Samsung loyalty was higher, BankMyCell said. Just 7.7% of Galaxy S9 users switched over to an iPhone and 92.3% remained on the Android operating system. In comparison, 26% of people trading in their iPhone X moving onto another brand. —Corinne Reichert, CNET
The problem with this study is that it omits another very important data set. The other half is, what kind of phone are young people starting out with?
Piper Jaffray does an annual survey to see what phones young people want to get. They’ve found that the iPhone growth is almost unbelievable. A few years ago 60% of young people preferred iOS over Android. In October of 2018 the percentage has grown to 86%. It’s amazing how overwhelming young people desire Apple over Samsung or any other Android maker.

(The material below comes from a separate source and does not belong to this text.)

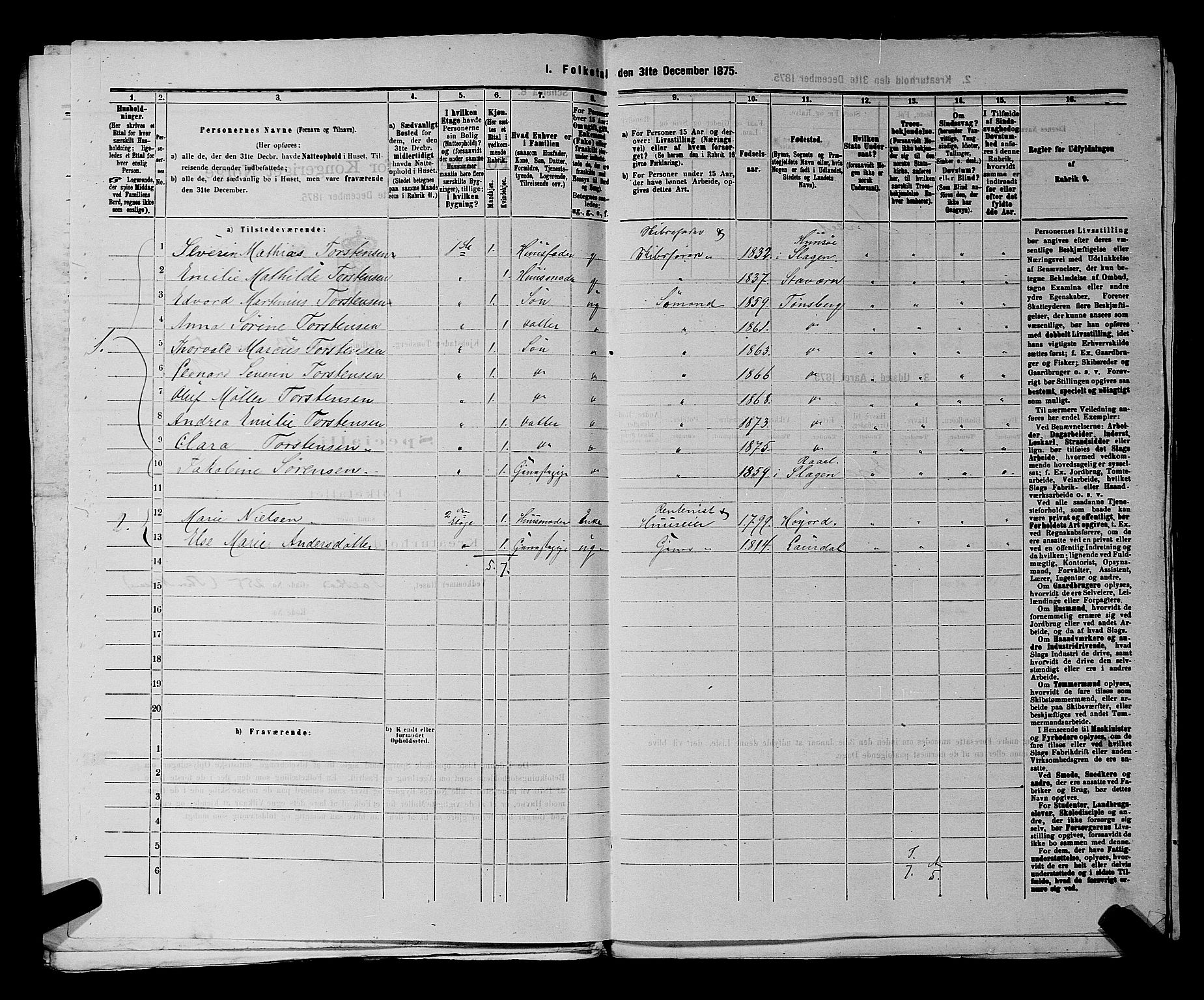 SAKO, 1875 census for 0705P Tønsberg, 1875, p. 733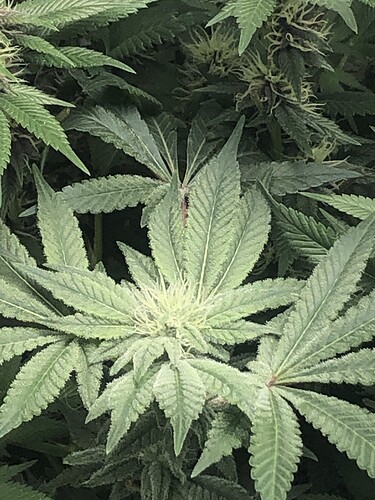 Growreport Bild 11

In its biannual "Taking Stock with Teens" survey, the investment bank notes 86 percent of teens surveyed said their next phone would be an iPhone. By contrast, a paltry 10 percent of teens said the intend to buy an Android device, according Business Insider.

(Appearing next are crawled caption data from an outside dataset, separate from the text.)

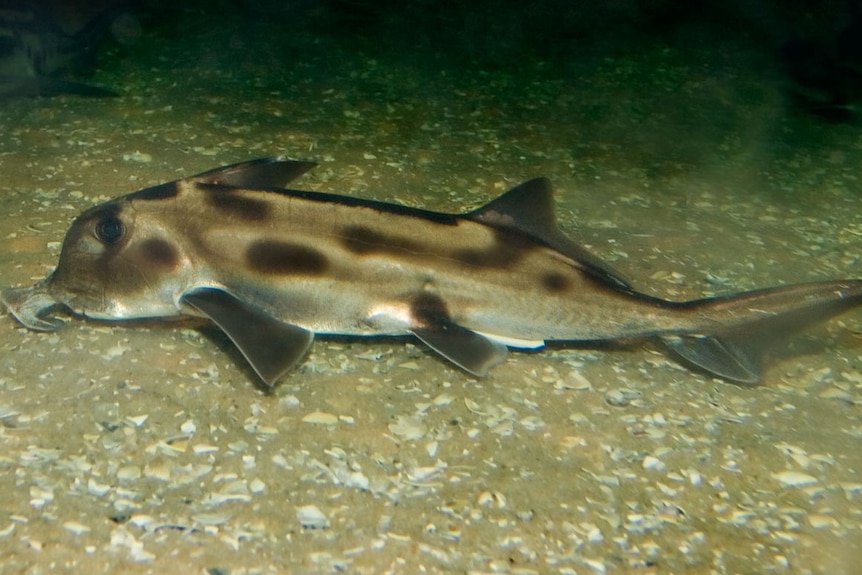 Strangely shaped fish with a tan body and brown spots swims close to the sea floor 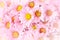 Close up daisies pink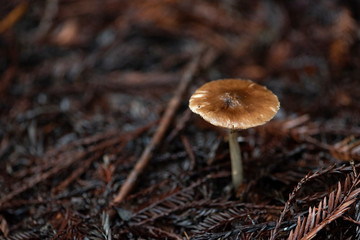small wild mushrooms growing on forest floor, decomposing 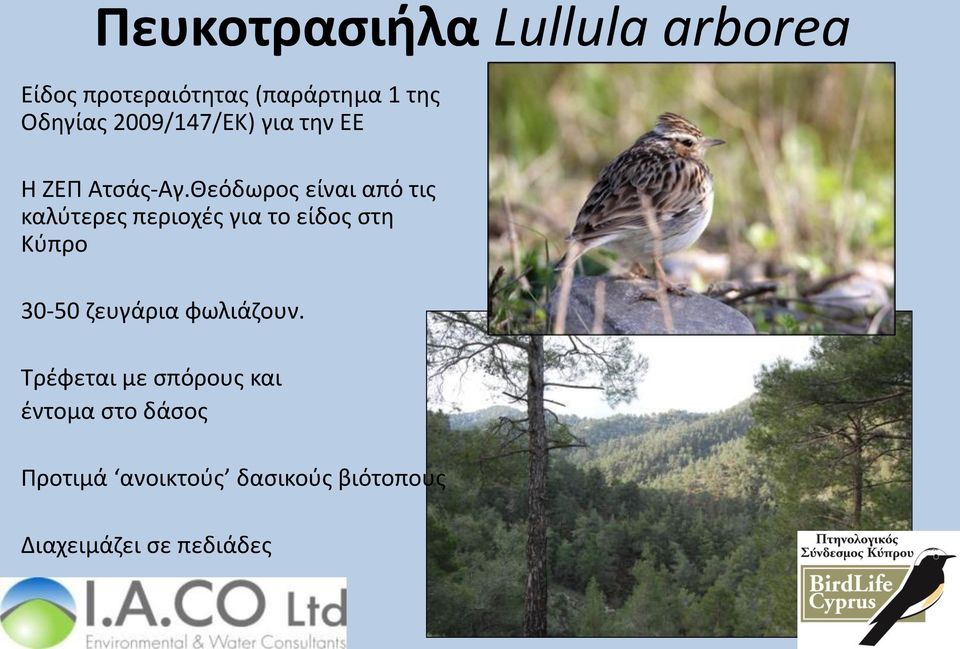 Θεόδωρος είναι από τις καλύτερες περιοχές για το είδος στη Κύπρο 30-50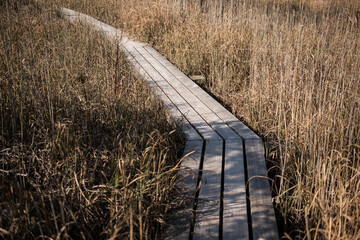 Fototapeta premium Sulfur ponds in swamp and wooden footbridge trail, Kemeri, Latvia.
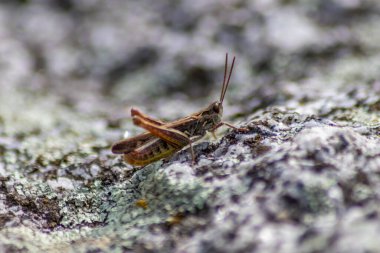 Tek bir çekirge, yiyecek, ot, yaprak ve bitkileri aramak için taştan çölde hoplayıp zıplıyor. Kopyalama alanı ile veba gibi. Ve çiftleşme mevsiminde dişiler için bulanık bir arka plan şarkı olarak cıvıldıyor.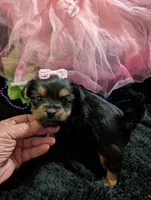 Scarlett , a female Yorkipoo for sale in London, KY – 3 of 10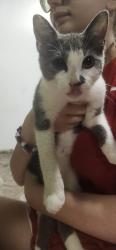 Found/Stray Male Cat last seen Bojangles, Havelock, NC 28532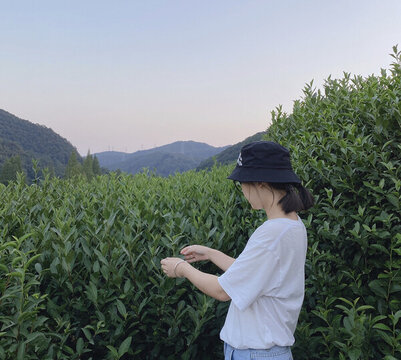 采茶
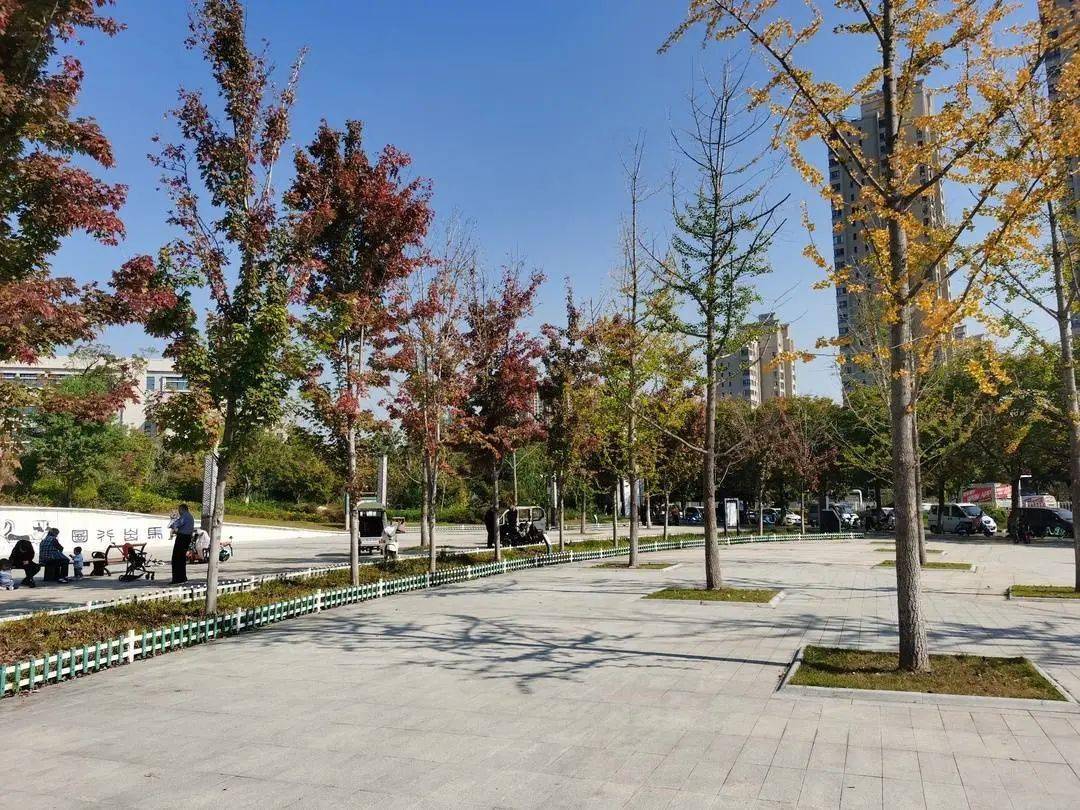 体现了总体布局的生态性,植物配置的多样性,广场铺装的舒适性,因路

The 86 percent figure represents the highest intent to buy Piper Jaffray has seen in its seasonal report.
"Overall, we view the survey data as a sign that Apple's place as the dominant device brand among teens remains intact," Piper Jaffray analysts Michael Olson and Yung Kim said in the report.—Mikey Campbell, AppleInsider 10/22/18
Taken by themselves, both of these studies seem unbelievable. They don’t make any sense if you think about them very long.
If Apple was truly losing 26% of their customers to Android, they’d be in panic mode. That would mean losing almost half of their business in 2 years. That’s obviously false.
On the flip side, if over 86% of teenagers want iPhones and not Android. Android would cease to exist in about 5 years as Apple scooped up all the new users. Android would be steadily losing market share in double-digit chunks.
These two surveys are probably more accurate than not. But they go hand-in-hand. More teenagers than ever are starting out with the iPhone as their first phone. So unless the defection rate goes up, Android will cease to exist and iOS will inherit the Earth.
Less Android users are trading in their Android phones for iPhones because there are less new Android users still in the experimental stage. And more iPhone users are trading in their iPhones on Android phones because more and more new users start with iPhones.
I’m amazed that no one seems to be connecting the dots on this data. It’s as plain as can be. CNET themselves reports on both the iPhone-Trade-In-Story and the Teenager Survey. At the very least, CNET should’ve put both trends in context with each other.